Energy Aware Scheduling
Currently, the kernel is not great at making scheduling decisions with respect to keeping energy consumption at a minimum. It is not possible to know if increasing the P-state is better than waking up another core and moving a task. No reliable information is available that allows the scheduler to make sane energy-decisions. When conserving energy (or minimizing heat), both throughput and task latency must be taken into consideration.
- Valid benchmark tools will be accepted into tools/
- Power policies/awareness in the (core) scheduler, possibly tied to sched domains
- Integration of cpufreq and cpuidle (rather; cpufreq must die) into core scheduler
- When adjusting P-state, think voltage instead of frequency
- Task packing
- Hardware-level power management
- Correctly measure the energy consumption for a given workload is a challenge
- HW-vendors are reluctant to release actual numbers regarding power-usage
- Knowing what the energy-cost is for moving between C-states (or P-states)
- Agreement to performance/power/latency tradeoffs
- Avoid excessive knobs in the kernel.
Different architectures have different needs, the core scheduler is a carefully tuned piece of machinery. A set of tools and expected results should be made available so that changes can be tested and verified by people and regressions tracked down fast.
Some tools that can be hacked/adjusted
- extended rt-app
- ftrace / trace-cmd
List of patches submitted to LKML, short description and current state (ACK/NACK):
- to be filled in
(short summary in progress, Henrik is reading/eating bytes)
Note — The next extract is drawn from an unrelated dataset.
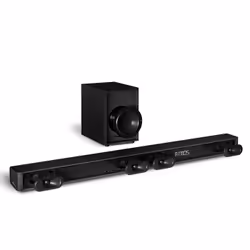 Hisense AX3100G haut-parleur soundbar Noir 3.1 canaux 280 W - Vue supplémentaire 5
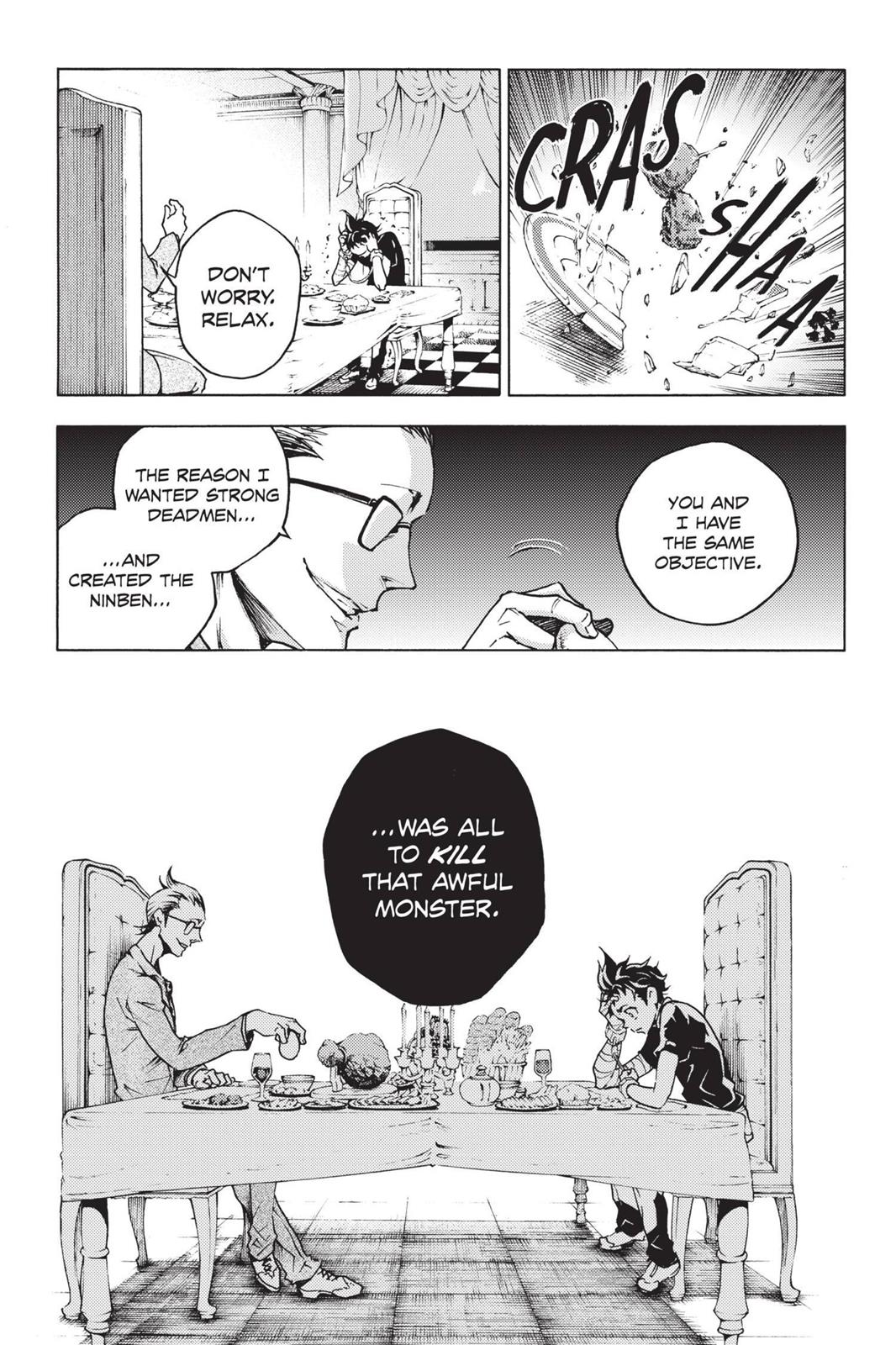 Deadman Wonderland Chapter 29 - Page 20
Added to Ingos tree as of May 7 2014
An excellent summary by lwn: Another attempt at power-aware scheduling
Currently being discussed, the patch with the highest degree of discussion arm: topology: Define TC2 sched energy and provide it to scheduler
Shameless rip from Energy-aware scheduling use-cases and scheduler issues
Description: The current mainline scheduler has no power topology information available to enable it to make energy-aware decisions. The energy cost of running a cpu at different frequencies and the energy cost of waking up another cpu are needed.
Proposed solution: Represent energy costs for each P-states and C-states in the topology to enable the scheduler to estimate the energy cost of the scheduling decisions. Coupled with P-state awareness that would allow the scheduler to avoid expensive high P-states.
Description: While performance is non-deterministic with the mainline scheduler (described in issue 6) it also leads to non-deterministic energy consumption. First step is to get performance right, but if we don't keep energy in mind, heterogeneous systems will end up with high performance and energy consumption.
Proposed solution: We know that a simple heuristic that controls task placement based on tracked load works rather well for most smartphone workloads. However, realistic patterns exist that defeat this heuristic.
Description: Currently, the CFS scheduler has no knowledge about frequency scaling. Frequency scaling governors generally try to match the frequency to the load, which means that the idle time has no absolute meaning. The potential spare cpu capacity may be much higher than indicated by the idle time if the cpu is running at a low P-state.
Description: The cost of waking up a cpu in terms of latency and energy depends on the idle state the cpu is in. Deeper idle states typically affects more than a single cpu. Waking up a single cpu from such state is more expensive as it also affects the idle states of of its related cpus.
Proposed solution: Make the scheduler idle state aware by either moving idle handling into the scheduler or let the idle framework (cpuidle) maintain a cpumask of the cheapest cpus to wake up which is accessible to the scheduler. Status:
Description: For energy-aware task placement decisions the scheduler would need to estimate the energy impact of scheduling a specific task on a specific cpu. Depending on the resulting P-state it may be more energy efficient to wake-up another cpu (see system 1 in mail 11 for energy efficiency example). Proposed solution: Frequency invariance has been proposed before  where the task load is scaled by the cur/max freq ratio. Another possibility is to use hardware counters if such are available on the platform. Status:
Description: The current mainline scheduler doesn't give optimum performance on heterogeneous systems for workload with few tasks (#tasks <= #cpu). Using cpu_power (in its current form) to inform the scheduler about the relative compute capacity of the cpus is not sufficient.
- cpu_power is not used on wake-up which means that new tasks may end up anywhere.
- Using cpu_power to represent the relative performance of the cpus, leads to undesirable task balance in common scenarios.
Proposed solution: Status:
Common webbrowsing use-cases (no embedded videos, but dynamic contents is ok) typically exhibit three distinct modes of operation depending on what it is doing in relation to the user
- Page load and rendering
- Display website (user reading, no user interaction)
- Page scrolling
Audio playback is a low load periodic application that has little/no variation in period and load over time. It consists of tasks involved in decoding the audio stream and communicating with audio frameworks and drivers.
Depending on the platform hardware video is a low to medium load periodic application. There may be some variation in the load depending on the video codec, content, and resolution. The load pattern is roughly synchronized to the video frame-rate (typically 30 FPS). Video playback also includes audio playback as part of the workload.
This description is based on one particular Android game, but similar patterns have been observed for a number of games. Overall, 10+ threads are active and context switches happen very often. Key game engine tasks and graphics driver tasks are scheduled ~200-700 times per second.
Most modern systems use DVFS to save power by slowing down computation throughput when less performance is necessary. The power/performance relation is platform specific. Some platforms may have better energy savings (energy per instruction) than others at low frequencies.